How to Tone Thighs Without Becoming too Muscular?
I would like to tone my thighs and my calves but I don't want them to get big or too muscular. Which gym equipment should I use?
Hello and thank you for your question.
It's a good idea to ask this question before you start working out at the gym because it helps to have a clear picture of the type of physique you are working towards.
In order to tone up your calves and thighs without getting really muscular, it's not so much a question of what equipment you use in the gym, but rather how you use it.
Most of the core gym equipment that is focused on calves and thighs can be adjusted with different types of weights. The most important thing to bear in mind is that you are not trying to get the heaviest weight here! You don't want to be one of those heaving, sweaty blokes that try to lift three times their body weight. You want to do a high number of repetitions at a low weight in order to tone without getting bulky.

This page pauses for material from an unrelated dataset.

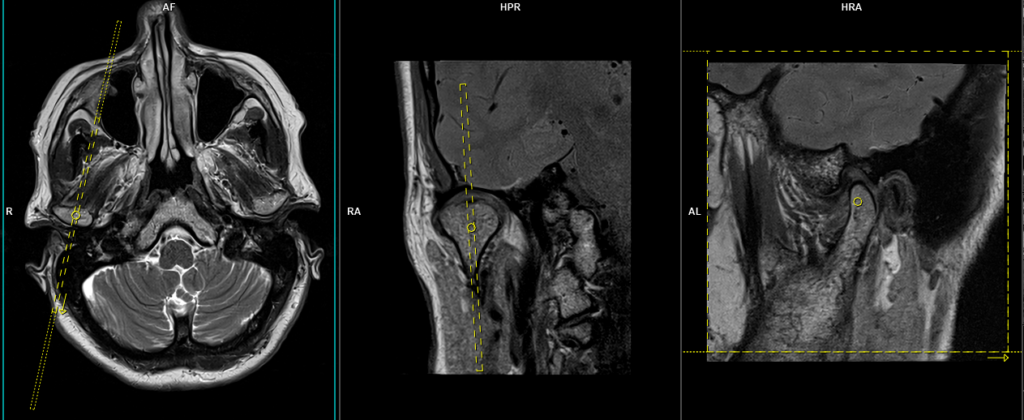 MRI TMJ Planning of sagittal right side dynamic scan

A good place to start is three times eight repetitions, at a weight low enough to make it feel pretty easy. Even 500g weights will tone you up, so don't get carried away with putting the weight up as this is when you start to get bulky - and don't forget this happens slowly so you can almost not recognise it happening until someone points it out to you and you are looking in a way that you don't really want.
Stretching is also a key part of toning without bulking. A good stretching regime is easy, enjoyable and relaxing. You don't have to go to the gym to do it either, so it's really easy to incorporate it into your daily routine, which helps keep your muscles long and lithe. Perhaps try a home pilates DVD, or do ballet stretching.
If you can get a weekly routine going of gym once or twice, using low weights at high repetitions and daily, slow, purposeful stretching at home (do it outside first thing in the morning for an even more effective, rejuvenating experience), you'll soon be seeing a strong, toned body looking back at you in the mirror.